For Darden CEO Gene Lee, the answer isn’t complicated. While the pandemic pressed the casual leader’s entire business, it also opened a “once-in-a-lifetime opportunity,” Lee said. A chance “a lot of us had been waiting for.”
“The most prominent and the most significant thing we've done is streamline the menus and our processes and procedures, and that's forever,” Lee said.
Darden introduced disposable, pared-down menus systemwide, which could be switched out quickly if needed. But what the company also learned was it could squeeze enough variety
on the menus to satisfy consumer demand.
Lee said, “I think that's what's going to be the lasting change. It's going to have significant impact two years, three years, four years from today.”
Darden rethought processes and procedures for its “back-to-basics” operating philosophy. Lee said they eliminated a lot of prep work that will never go back in.
There’s already proof it’s working. Despite blended same-store sales dropping 47.7 percent in Q4, Darden turned in slightly positive restaurant-level margin at 0.9 percent.
For the first three weeks of Q1, same-store sales are down 31.3 percent at Olive Garden, which led to Darden’s initial guidance of negative 30 percent for the period.

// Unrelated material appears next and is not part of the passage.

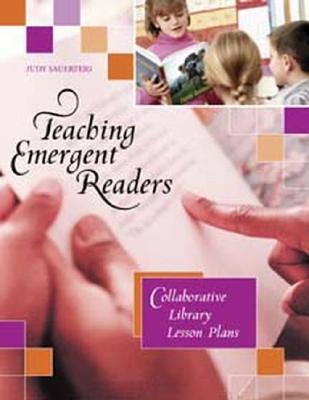Teaching Emergent Readers: Collaborative Library Lesson Plans (Paperback)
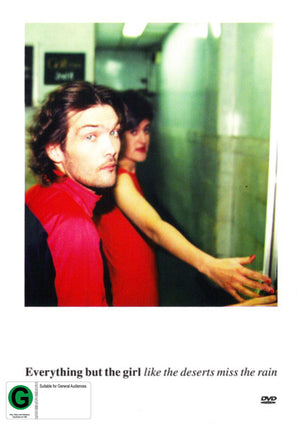 EVERYTHING BUT THE GIRL | LIKE THE DESERTS MISS THE RAIN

LongHorn’s off-premises sales boosted its recovery by hitting $28,653, or 41 percent, of pre-virus volumes in the third week of April—nearly four times higher than early March. Today, with 82 percent of the system’s dining rooms running, off-premises is rolling at slightly less than $20,000 per week with same-store sales down 13.8 percent.
Darden is installing temporary barriers in about 100 restaurants to try to improve efficiency. It will analyze progress and decide how many more restaurants to add.
As of June 22, Darden said 91 percent of its 1,700 dining rooms were open with at least limited capacity.
Curbside popped up as a makeshift drive-thru option in parking lots, and Darden is looking at making it even more streamlined through technology, with a focus on payment.